### Data extract
=== Section Start ===

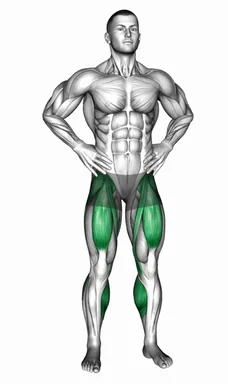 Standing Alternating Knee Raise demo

=== Section End ===
=== Section Start ===

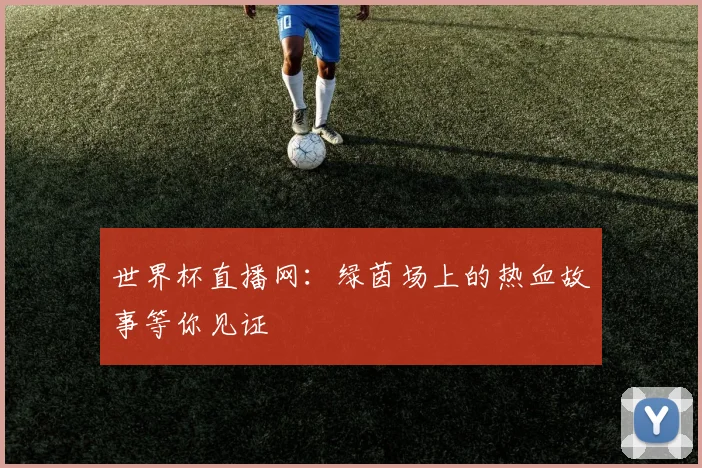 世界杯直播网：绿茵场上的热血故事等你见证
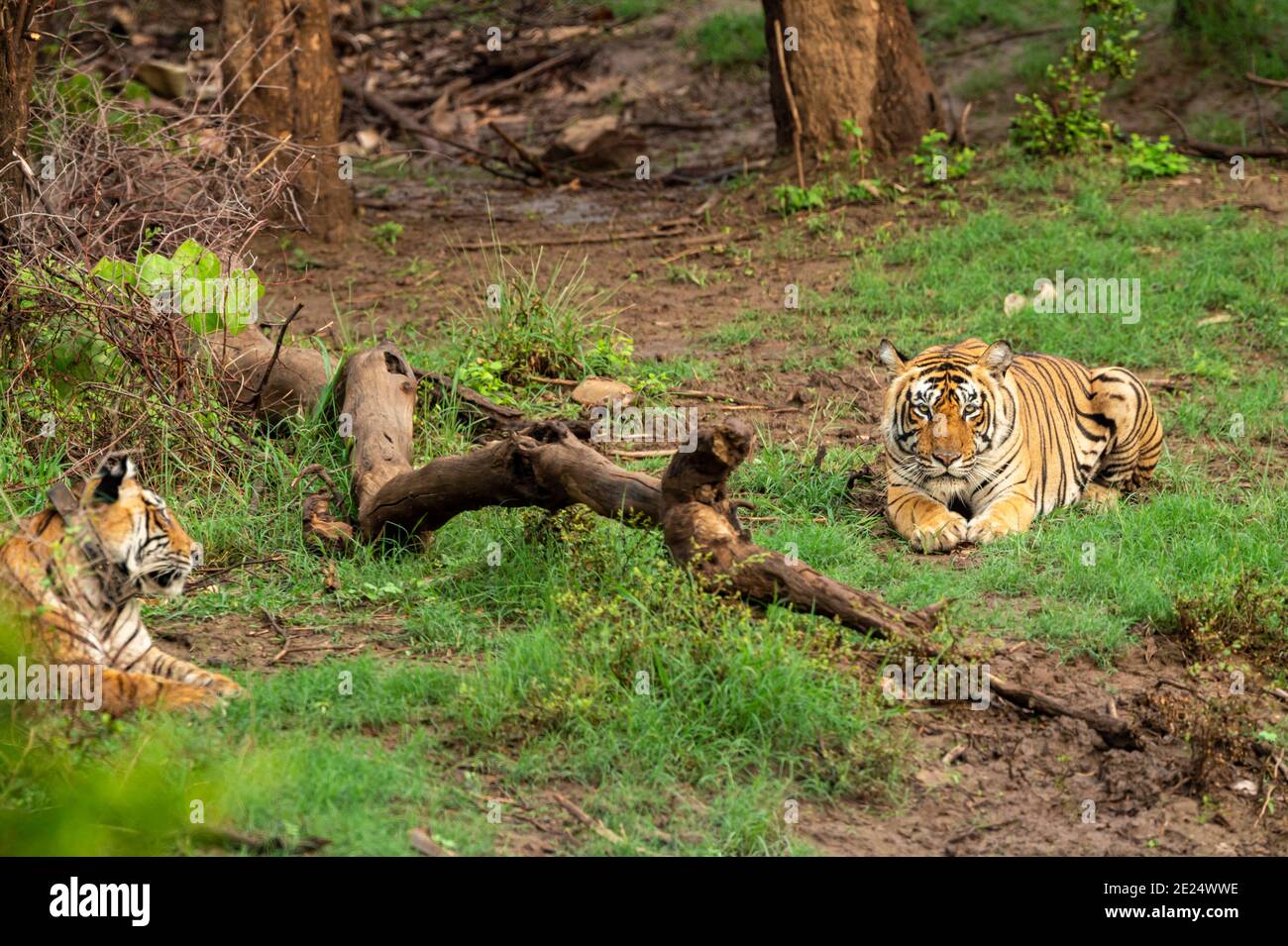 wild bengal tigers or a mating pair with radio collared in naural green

=== Section End ===

### Exercise prompt
Beginning at the line that has "世界杯直播网：绿茵场上的热血故事等你见证" and ending at the line that has "wild bengal tigers", restate the listing above word for word, pictures left out.

### Response below
 世界杯直播网：绿茵场上的热血故事等你见证
 wild bengal tigers or a mating pair with radio collared in naural green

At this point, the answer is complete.